Mutual Action Plan
Also known as: MAP, Joint Execution Plan, Close Plan
A shared timeline between seller and buyer listing every step, owner, and date required to close a deal and reach go-live.
Definition
A Mutual Action Plan (MAP) is a jointly-owned document that maps every milestone between a sales opportunity and a signed, implemented deal. It assigns specific owners and dates on both the seller side and the buyer side — legal review, security questionnaire, executive sponsor sign-off, procurement, kickoff — so nothing falls through the cracks.
Sellers typically introduce a MAP after discovery, once the buyer has confirmed intent to evaluate seriously. From there it lives as a working artifact: updated weekly, referenced on every call, and used to surface stalled steps before they kill momentum. The best MAPs are co-edited, not delivered as a static PDF.

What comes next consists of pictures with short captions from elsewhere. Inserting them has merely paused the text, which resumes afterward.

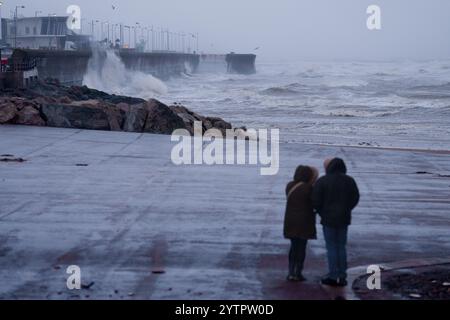 (241208) -- NEW BRIGHTON, 8 dicembre 2024 (Xinhua) -- le persone guardano le onde durante la tempesta Darragh a New Brighton vicino a Liverpool, in Gran Bretagna, 7 dicembre 2024. Decine di migliaia di case sono rimaste senza energia elettrica, i viaggi ferroviari e aerei hanno subito interruzioni e gli eventi sportivi sono stati annullati in tutto il Regno Unito sabato a causa della tempesta Darragh. Un raro avvertimento rosso per il vento, emesso dal Met Office, è in vigore per l'Inghilterra sud-occidentale e il Galles fino a mezzogiorno di sabato, indicando un potenziale pericolo per la vita a causa delle condizioni meteorologiche avverse. Su altre parti sono presenti anche diversi avvertimenti gialli e gialli per vento e pioggia Foto Stock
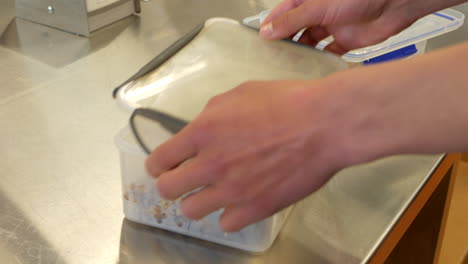 Nahaufnahme-Eines-Schülers,-Der-Den-Lunchbox-Behälter-Nach-Dem-Kochkurs-Schließt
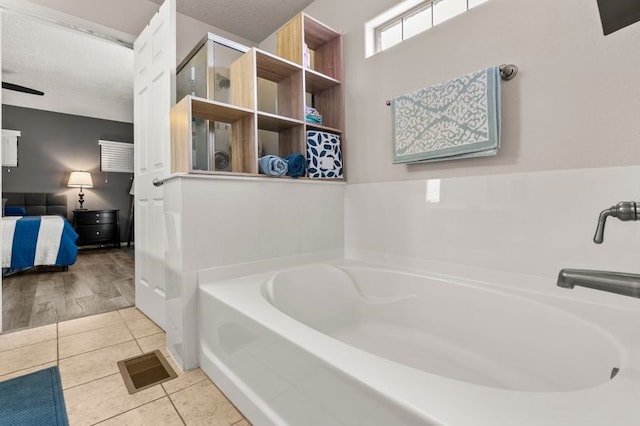6280 Nardos Rd NW, Albuquerque, NM 87114 - ensuite bathroom with a bath, tile patterned flooring, and a textured ceiling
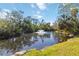Picturesque pond featuring a fountain, lush surroundings, and serene ambiance for relaxing walks and peaceful views at 805 Spring Lakes Blvd # 805, Bradenton, FL 34210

A MAP is not the same as a sales forecast or a project plan. The forecast is internal and predicts revenue; the project plan kicks in after signature. The MAP bridges the gap, holding both sides accountable to the close date they agreed to in writing.
Why It Matters
Deals slip because buyers underestimate their own internal complexity — procurement cycles, infosec reviews, and budget approvals routinely add 30-60 days when they're not surfaced early. A MAP forces those steps onto the calendar at the start, which compresses cycle time and dramatically improves forecast accuracy. Reps who use MAPs consistently see higher win rates and far fewer end-of-quarter surprises.

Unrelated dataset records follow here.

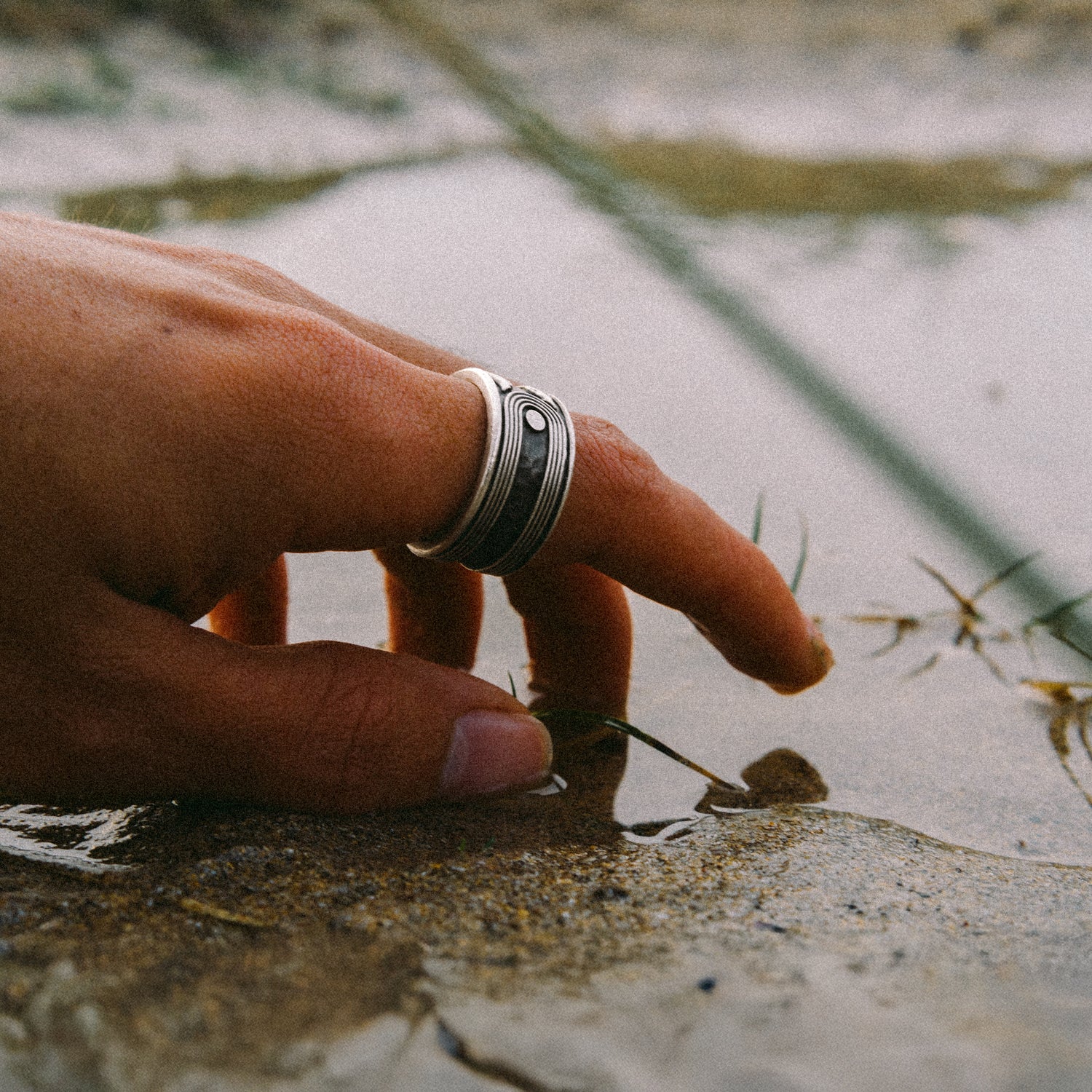 Hand wearing a ring touching water and sand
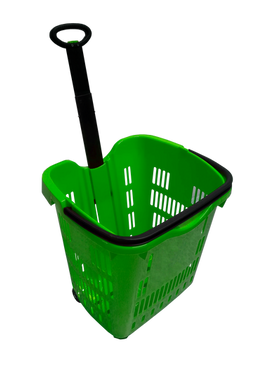 A green plastic shopping cart with wheels and a black extendable handle, designed for transporting goods in a retail or grocery store environment.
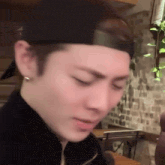 a close up of a man wearing a hat and earrings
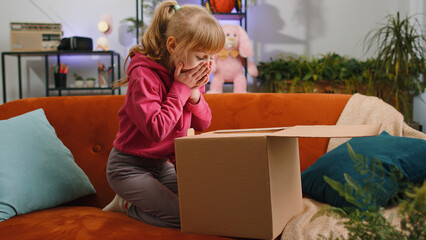 Happy young blonde child kid girl unpacking delivery parcel. Smiling satisfied teen toddler...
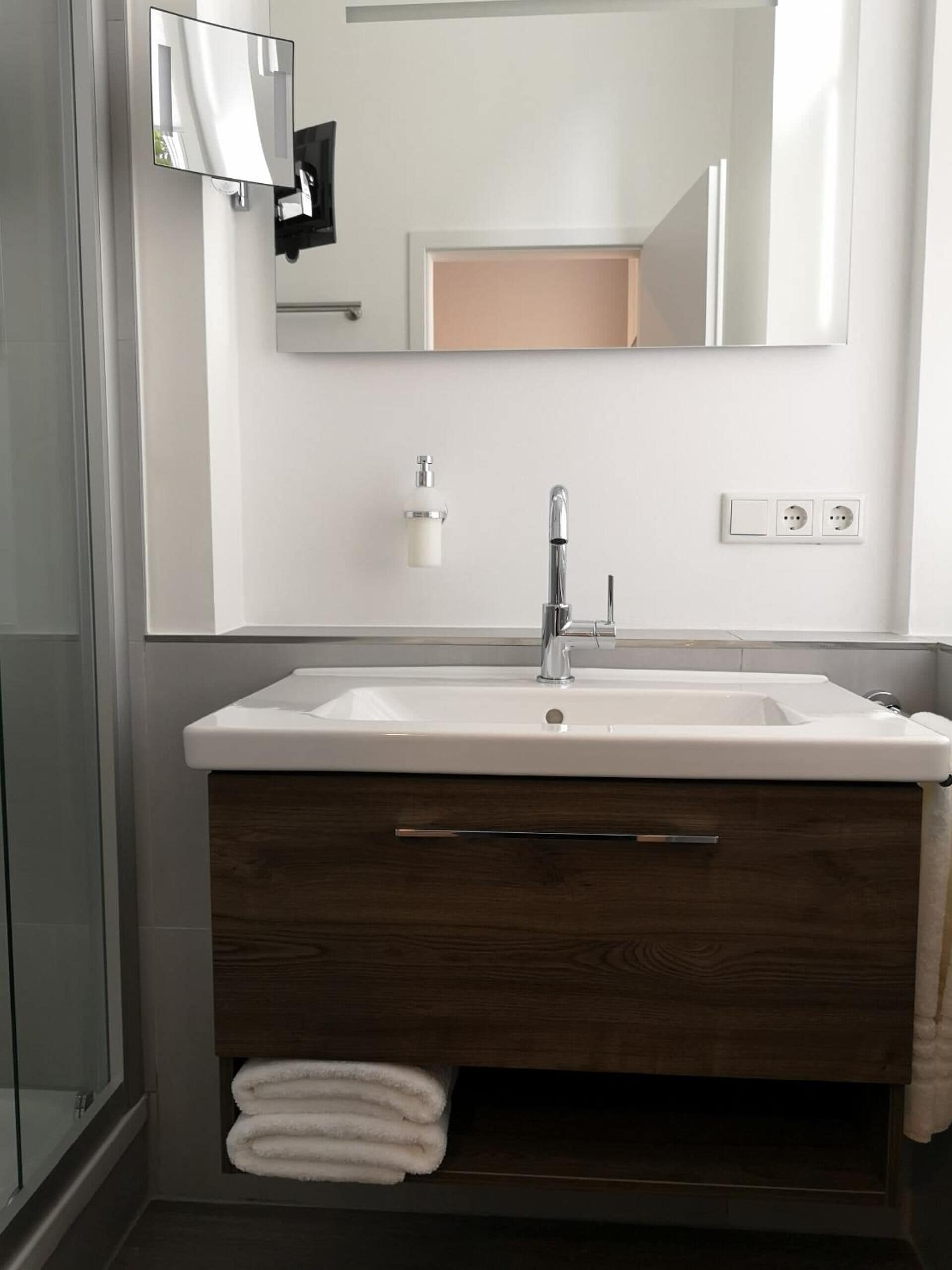 Un bagno con un lavandino bianco, uno specchio sopra e un portascopevoli con asciugamani.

Without a MAP, sellers rely on hope and follow-up emails. Champions get reassigned, legal reviews start two weeks before the target close date, and 'we'll have it signed by Friday' turns into next quarter. You also lose the ability to escalate cleanly, because there's no shared artifact showing which side dropped the ball.
Examples in Practice
A mid-market SaaS rep selling a six-figure deal builds a MAP listing security review (buyer IT, week 2), legal redlines (buyer counsel, week 3), CFO sign-off (week 4), and contract execution (week 5). When the security questionnaire stalls, the rep references the MAP on the next call and the buyer's champion escalates internally — the deal closes on the original date.
A 30-person agency selling a retainer engagement uses a lightweight MAP with five line items: scope confirmation, proposal review, legal review, signature, and kickoff. Even at a smaller deal size, the shared timeline prevents the typical two-week drift between 'send the proposal' and 'sign the proposal.'
An enterprise sales team selling into a regulated buyer builds a 22-step MAP covering vendor onboarding forms, SOC 2 evidence requests, data processing addendums, and procurement portal submission. Because every step has a buyer-side owner and date, the rep can run a clean weekly review with the champion and catch the procurement bottleneck six weeks before quarter-end.